EXCERPTED RECORDS>
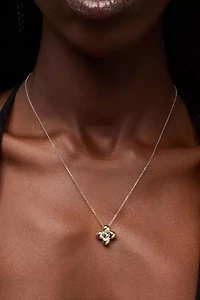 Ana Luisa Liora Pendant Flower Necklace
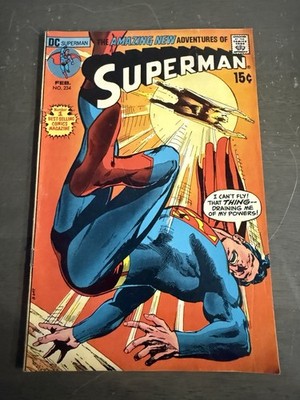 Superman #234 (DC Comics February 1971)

* * *

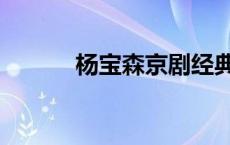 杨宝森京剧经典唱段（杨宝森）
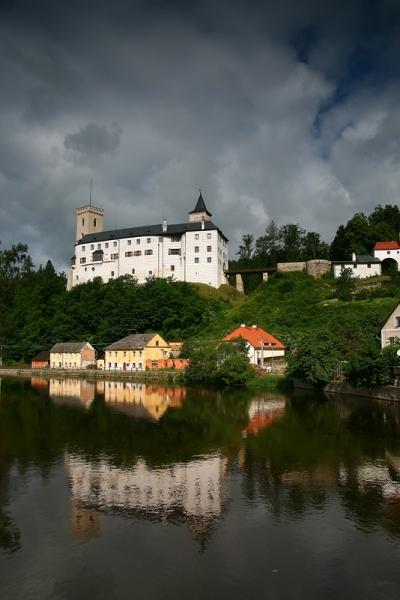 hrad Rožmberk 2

YOUR INSTRUCTIONS> Print, word for word, the lines above that run from the line containing "Ana Luisa Liora Pendant Flower Necklace" to the line containing "Superman #234 (DC Comics February 1971)", both included. Keep the pictures out.

WORKED SOLUTION>
 Ana Luisa Liora Pendant Flower Necklace
 Superman #234 (DC Comics February 1971)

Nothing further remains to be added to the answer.